As I begin to write this entry I find it more than a little curious that I now live in a town with a pilgrim’s church and refuge, albeit not in Spain and not on the route we walked 8 years ago. There are many roads that lead to Santiago, and we are on just one of them. But what the heck is Santiago, you might be asking? I know I was before May of 2001!
Santiago de Compostela is the supposed resting place of St. James, one of the apostles of Jesus. If memory serves me, he arrived in Spain already dead, in a boat steered by the Holy Spirit. At some point, hundreds of years later, he sort of ‘appeared’ again to help kill a bunch of Moors in Spain, thereby saving the country for Christianity. After some time Santiago de Compostella (where his remains were meant to have been found) became the 2nd largest pilgrimage route in Christendom behind Rome. Santiago (St. James) apparently came back at least one more time to walk to his own burial place, making him his own first pilgrim…take some time to wrap your head around that one! You can imagine the confusing iconography this leads to. Basically, if see a bearded guy dressed like a pilgrim, or on a horse slaying Arabs, that is Santiago. The truth is there are a great many bearded guys carved into the churches along the way, so the extra equipment is very useful for identification.
So anyway, I’m not Catholic but I like to walk. And I like cheap vacations even better. The Camino de Santiago is cheap and it is also at least 700 km long (much longer if you start from, for example, Munich or Canterbury), so in theory a very good idea for a trip. But let me go back a bit. Shoko and I had quit our jobs once again (less than a year after our last time, but there’s not enough space to give that story here) and arrived in Paris to catch our TGV down to the border of Spain.
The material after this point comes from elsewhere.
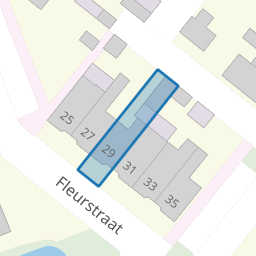 Perceel NKP01-A-5957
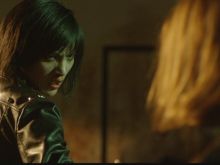 Akemi Look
When you start out on The Way, you get a credential, which is a passport in which you collect stamps at each refugio you stay at. Each refugio checks your passport to make sure you are indeed walking (or cycling or riding a horse…) and collecting the requisite stamps, thereby allowing you to some truly cheap (or even free) digs for the night. This is a page of my credential.
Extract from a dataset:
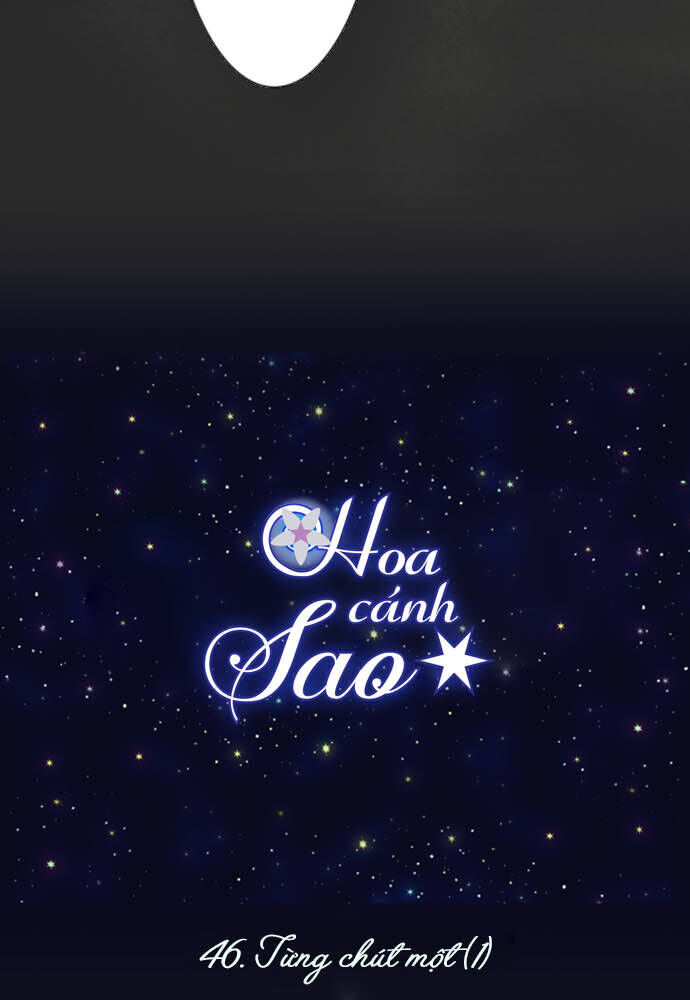 Hoa Cánh Sao Chap 47 - Next Chap 48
This little piece of paper gives you a sense of importance, since it is your ticket to discounted meals and even – at least in our case – free medical care! You also begin to feel that you are a part of a community, an endless stream of walkers/pilgrims/ that have been following this same route for a thousand years. It’s quite a feeling, if you let yourself think about it.
But too many words. After a snowy crossing of the Pyrenees on our first day, and a stop in Pamplona on our second, we reached the long village of Puente la Riena, a meeting point of two different routes, so a pretty bustling little place, at least in terms of pilgrim traffic. This is the puente from the other side of town.

Next, a few shots from the trail.



Walking across the entire length of Spain takes time – in our case 5 weeks. I often say that cycling is the ONLY way to really see a country, but if you have a medium-sized place, with a ton of time (oh, and evenly spaced cheap accommodation…), it’s hard to beat walking. It’s nearly impossible to shut out your surroundings since the going is so (often agonizingly) slow. At least on a bike you can whiz by villages in minutes, but when you are walking you are really forced to BE where you are, if you get me?
One thing I’ll never forget about northern Spain is the storks. Nearly every church had a giant nest topping them.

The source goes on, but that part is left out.